In the earlier evaluation matrix, 35% weightage was given to NPV, while 30% weightage was given to cash upfront. All the other parameters remained the same as per earlier approved evaluation criteria for bidders.
By Ankur Mishra
Lenders to the beleaguered Dewan Housing Finance (DHFL) discussed the revised evaluation matrix of bidders in the committee of creditors’ (CoC) meeting held on March 11. During the meeting, it was decided that 5% more weightage will be given to net present value (NPV), compared with the previous plan. The new evaluation criteria gives 40% weightage to NPV, 30% weightage to cash upfront, 10% for capital infusion, 5% to equity stake and remaining 15% evaluation will be done based on qualitative parameters.
The qualitative parameters include track record of resolution applicant and its key management personals. In the earlier evaluation matrix, 35% weightage was given to NPV, while 30% weightage was given to cash upfront. All the other parameters remained the same as per earlier approved evaluation criteria for bidders.

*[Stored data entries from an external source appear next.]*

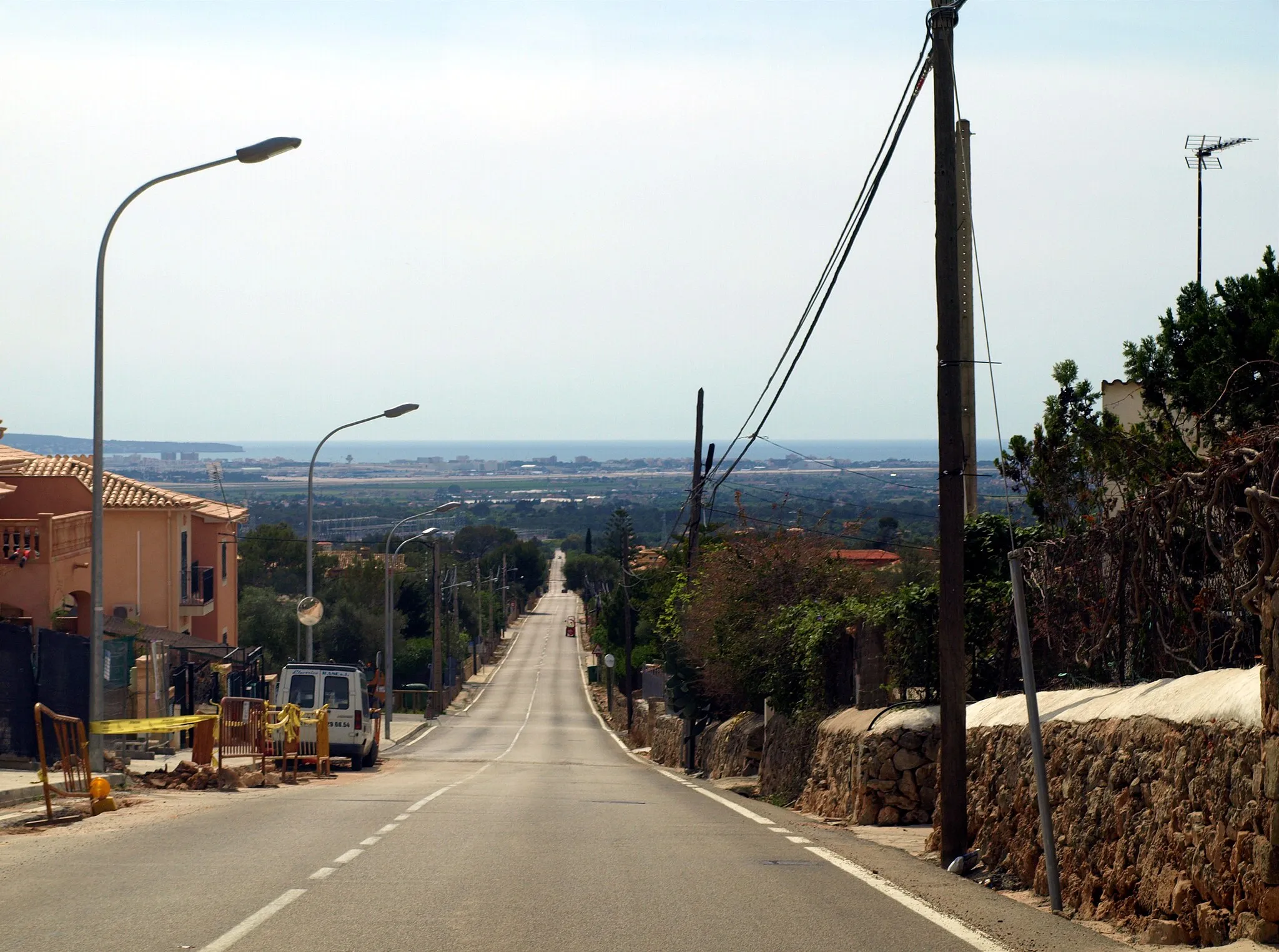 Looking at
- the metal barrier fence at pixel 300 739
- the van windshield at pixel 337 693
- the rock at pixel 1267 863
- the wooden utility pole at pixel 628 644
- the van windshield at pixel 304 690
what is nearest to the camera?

FE has learned that 24 applicants had submitted expressions of interest (EoIs) for DHFL. The company had given the option to bidders to bid for the whole company or in parts. Under Option I, suitors were invited to submit EoIs for the entire business of DHFL. Under Option II, prospective resolution applicants were invited to submit EOIs for one or more groups or a combination of any assets in isolation across different groups of DHFL.
Of the 24 applicants, 14 had submitted EoIs for the entire business of DHFL. KKR India Financial Services, Welspun Group, Adani Group, Oaktree Capital, ARCIL Asset Reconstruction Company and Bain Capital were among the suitors who placed EOIs under Option I to take over the entire business.
Any resolution applicant will have to keep `500-crore earnest money deposit to bid for the whole company. If the bid is made in combination of two or more parts, `550 crore needs to be deposited. The minimum deposit is `100 crore for the SRA category.